The Free Voice: On Democracy, Culture and the Nation review: Looking through glass

On fake news and the extraordinary dangers we face

April 07, 2018 07:50 pm | Updated 07:50 pm IST

The Free Voice: On Democracy, Culture and the Nation; Ravish Kumar, Speaking Tiger, ₹499.

The Free Voice: On Democracy, Culture and the Nation; Ravish Kumar, Speaking Tiger, ₹499.

In normal times a journalist doing his job should not be singled out for praise. After all, he is just doing his job which is to report and hold the government of the day accountable. But The Free Voice reminds us that we live in extraordinary times when journalists invite abuse — from unidentified leaderless armies who brook no dissent. When religion becomes a marker to be singled out by nameless foot-soldiers who fight on the ground and online, ostensibly to protect the “honour of the country and the honour of those who lead the country.” Where the weapons of war are incendiary tweets, Facebook posts where the lines between the imagined and the real are blurred.

Author Ravish Kumar reminds us on every page the dangers that people face today. He poses a simple question: Should you report the truth and run the risk of being dubbed peddler of fake news or should you settle down to being the cheerleader of the Government in power and win praise? In settling down for the former, Kumar puts himself out for being singled out by the government.

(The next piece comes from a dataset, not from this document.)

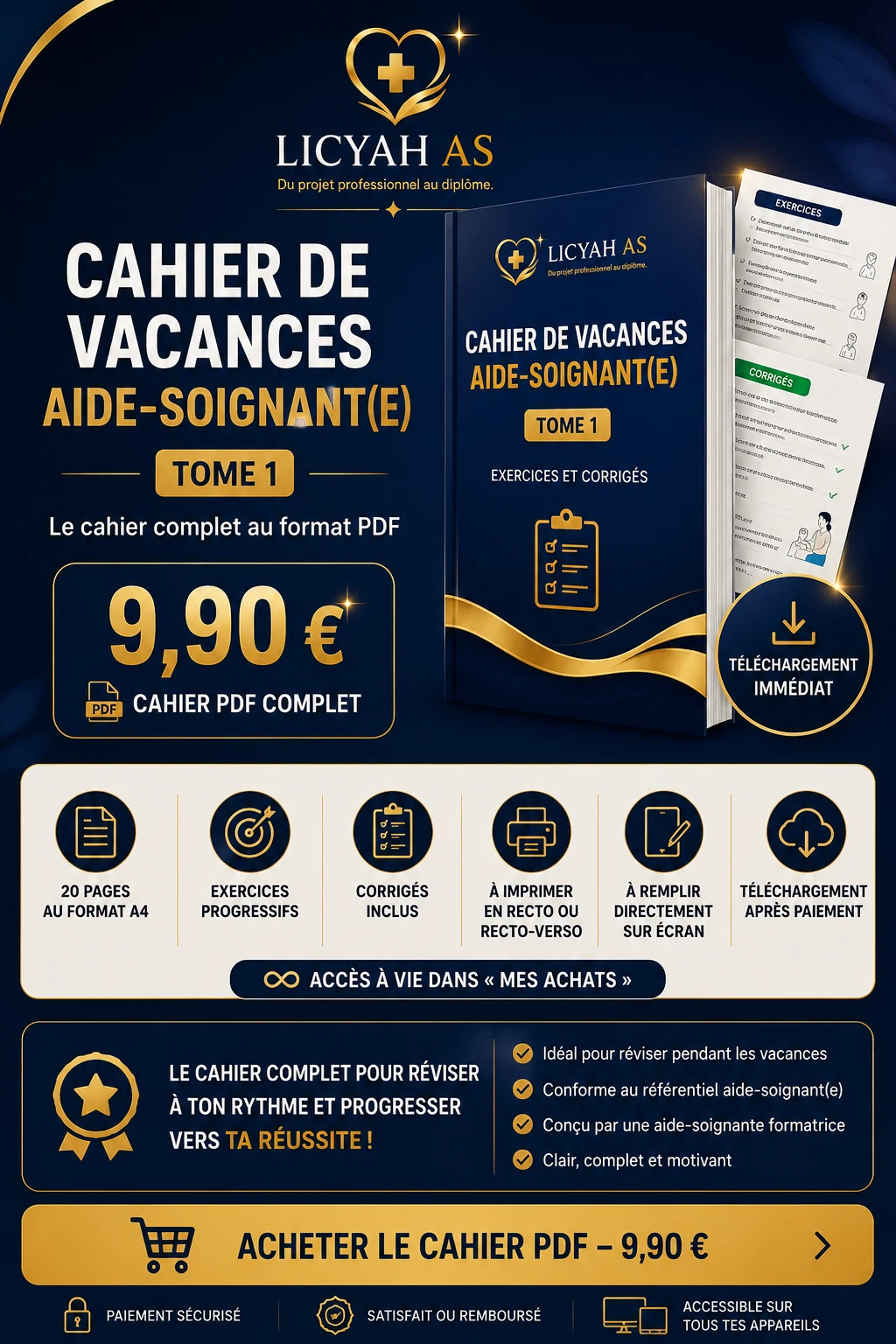 Cahier de vacances aide-soignant Tome 1 PDF à 9,90 €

It is almost as if we live in a fictional state in a place far, far away, but the reality hits home. In this state of the nation, aided by technology, unnamed armies wage wars on behalf of the government. They are the chief censors whose rallying cry quickly gathers a mob. They are the chief nationalists who wage daily battles and slay imagined enemies of the state. They hunt in packs and take down people. It is an apocalyptic vision of a country where people are at war with each other. The author reminds us of the dangers ahead when he harks back to Hitler and the propaganda machinery which transformed people into willing participants in an imaginary nation-building exercise.

Here too, history is being selectively re-written and figures from the past are appropriated and pitted against each other. Nehru vs Patel. Nehru vs Bose. Nehru vs the current dispensation. A fictional queen versus historical facts. It’s a deliberately muddled state of affairs to keep a nation on edge. The way out suggested by the author is twofold: keep your pen straight and tongue clean.

The only problem with the book is its uneven translation. Despite this, it is a mirror of our times. And these are indeed dangerous times.

The Free Voice: On Democracy, Culture and the Nation ; Ravish Kumar, Speaking Tiger, ₹499.